The difference between Dr. Blaine and Dr. Misra is that Dr. Blaine actually gave the plaintiff an extensive physical examination. He was also obviously aware of much of the plaintiff's medical history. The case was remanded because this Court did not believe that the report of State Agency physician relying on only a portion of the medical history who had never laid eyes on the plaintiff could constitute substantial evidence for an RFC finding. The Court stated "[o]bviously, a non-examining physician has no frame of reference other than the medical reports and tests, and must establish the veracity of their opinions based upon their thorough and logical consideration of that evidence. They themselves have not taken a claimant's pulse, rotated a claimant's shoulder, listened to them breathe, felt or viewed a muscle spasm, or tested their grip strength. They must rely on the reports of those who have." Id., [Doc. 18, pg. 9]. That is simply not the case here. Dr. Blaine's report was not inadequate or incomplete, so no remand is required as suggested by the plaintiff. The ALJ found nothing inconsistent with Dr. Blaine's findings in the other evidence in the record, save the opinion of Dr. Baumrucker. There is no need for him to prepare a revised report.

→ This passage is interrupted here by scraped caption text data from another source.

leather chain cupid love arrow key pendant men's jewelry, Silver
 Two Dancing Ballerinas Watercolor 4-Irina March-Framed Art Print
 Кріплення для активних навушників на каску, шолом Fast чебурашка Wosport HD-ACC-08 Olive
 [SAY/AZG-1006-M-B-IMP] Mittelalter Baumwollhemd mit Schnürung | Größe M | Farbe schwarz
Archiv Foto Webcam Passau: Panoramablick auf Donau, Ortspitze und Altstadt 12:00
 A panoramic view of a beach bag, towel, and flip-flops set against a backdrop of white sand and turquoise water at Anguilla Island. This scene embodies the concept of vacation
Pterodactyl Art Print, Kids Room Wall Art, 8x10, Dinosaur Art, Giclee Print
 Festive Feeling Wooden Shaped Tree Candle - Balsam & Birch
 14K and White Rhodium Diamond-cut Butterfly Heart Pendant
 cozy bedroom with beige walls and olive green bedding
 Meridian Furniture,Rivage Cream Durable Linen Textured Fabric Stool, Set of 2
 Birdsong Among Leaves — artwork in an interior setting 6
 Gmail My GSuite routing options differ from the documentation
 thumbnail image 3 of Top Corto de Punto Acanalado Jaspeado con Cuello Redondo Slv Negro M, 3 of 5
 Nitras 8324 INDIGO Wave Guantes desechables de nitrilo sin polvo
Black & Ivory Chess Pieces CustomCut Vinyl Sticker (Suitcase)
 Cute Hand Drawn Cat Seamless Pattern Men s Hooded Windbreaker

As for Dr. Baumrucker's assessment, as stated in the earlier case, it "puts plaintiff in a near invalid state." Id. The ALJ found that this was inconsistent with plaintiff's activities of daily living, Dr. Blaine's report, and the medical records of her treating sources. The plaintiff has severe impairments which impose great restrictions on what she can physically do. The ALJ so found. He, as the trier of fact, had the right to give little weight to Dr. Baumrucker in light of this other evidence. He gave adequate reasons for his findings in that regard.

The Court finds that there was substantial evidence to support the RFC finding of the ALJ. Any legal errors were rectified by the ALJ by his consideration of all of the plaintiff's impairments, whether considered severe or not, and are, thus, harmless. It is respectfully recommended that the plaintiff's Motion for Judgment on the Pleadings [Doc. 19] be DENIED, and that the defendant Commissioner's Motion for Summary Judgment [Doc. 24] be GRANTED.1

Respectfully submitted.

FootNotes


1. Any objections to this report and recommendation must be filed within fourteen (14) days of its service or further appeal will be waived. 28 U.S.C. 636(b)(1).